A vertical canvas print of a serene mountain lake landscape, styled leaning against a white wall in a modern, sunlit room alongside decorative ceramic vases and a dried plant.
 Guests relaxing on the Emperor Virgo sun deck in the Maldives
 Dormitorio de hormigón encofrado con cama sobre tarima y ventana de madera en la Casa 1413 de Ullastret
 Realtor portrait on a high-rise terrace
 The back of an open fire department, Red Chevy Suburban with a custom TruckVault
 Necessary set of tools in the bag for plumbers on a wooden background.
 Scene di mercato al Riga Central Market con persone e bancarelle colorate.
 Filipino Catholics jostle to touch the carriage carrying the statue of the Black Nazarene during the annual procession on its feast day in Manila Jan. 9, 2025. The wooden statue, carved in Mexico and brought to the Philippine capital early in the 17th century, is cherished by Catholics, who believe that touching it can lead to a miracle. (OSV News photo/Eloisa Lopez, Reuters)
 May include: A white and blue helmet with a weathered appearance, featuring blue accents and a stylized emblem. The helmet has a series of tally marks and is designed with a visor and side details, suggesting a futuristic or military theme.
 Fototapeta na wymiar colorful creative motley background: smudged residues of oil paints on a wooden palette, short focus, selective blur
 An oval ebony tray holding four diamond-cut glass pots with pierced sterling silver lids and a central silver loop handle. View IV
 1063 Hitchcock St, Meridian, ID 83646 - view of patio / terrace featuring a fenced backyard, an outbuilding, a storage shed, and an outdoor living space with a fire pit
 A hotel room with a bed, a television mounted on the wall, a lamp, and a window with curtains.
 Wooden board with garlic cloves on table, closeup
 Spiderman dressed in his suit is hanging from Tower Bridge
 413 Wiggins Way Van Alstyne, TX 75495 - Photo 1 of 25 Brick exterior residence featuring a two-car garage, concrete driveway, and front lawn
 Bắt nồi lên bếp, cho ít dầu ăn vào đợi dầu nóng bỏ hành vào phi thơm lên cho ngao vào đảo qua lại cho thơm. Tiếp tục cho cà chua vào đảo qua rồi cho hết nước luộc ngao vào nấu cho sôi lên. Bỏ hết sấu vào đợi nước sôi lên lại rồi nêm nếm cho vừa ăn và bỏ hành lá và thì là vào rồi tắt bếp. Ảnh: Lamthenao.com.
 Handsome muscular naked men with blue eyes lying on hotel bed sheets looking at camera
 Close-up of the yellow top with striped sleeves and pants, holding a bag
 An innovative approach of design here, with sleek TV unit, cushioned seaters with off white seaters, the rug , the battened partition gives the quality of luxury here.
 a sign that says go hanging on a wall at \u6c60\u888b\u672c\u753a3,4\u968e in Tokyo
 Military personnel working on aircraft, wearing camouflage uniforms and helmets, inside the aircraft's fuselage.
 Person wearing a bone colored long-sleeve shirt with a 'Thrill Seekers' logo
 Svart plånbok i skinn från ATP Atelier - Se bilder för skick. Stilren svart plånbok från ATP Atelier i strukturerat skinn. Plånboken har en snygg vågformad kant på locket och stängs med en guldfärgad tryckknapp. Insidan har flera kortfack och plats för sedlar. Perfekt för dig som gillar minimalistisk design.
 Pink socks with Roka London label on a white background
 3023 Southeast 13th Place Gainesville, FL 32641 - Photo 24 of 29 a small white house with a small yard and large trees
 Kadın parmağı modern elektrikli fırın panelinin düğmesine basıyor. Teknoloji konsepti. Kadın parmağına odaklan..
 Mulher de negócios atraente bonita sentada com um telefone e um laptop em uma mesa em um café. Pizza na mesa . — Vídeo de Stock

-*-*-

## Problem
Every line from the one holding "3023 Southeast 13th" through the last line of the listing above should be set down exactly, and nothing more.

## Written response
 3023 Southeast 13th Place Gainesville, FL 32641 - Photo 24 of 29 a small white house with a small yard and large trees
 Kadın parmağı modern elektrikli fırın panelinin düğmesine basıyor. Teknoloji konsepti. Kadın parmağına odaklan..
 Mulher de negócios atraente bonita sentada com um telefone e um laptop em uma mesa em um café. Pizza na mesa . — Vídeo de Stock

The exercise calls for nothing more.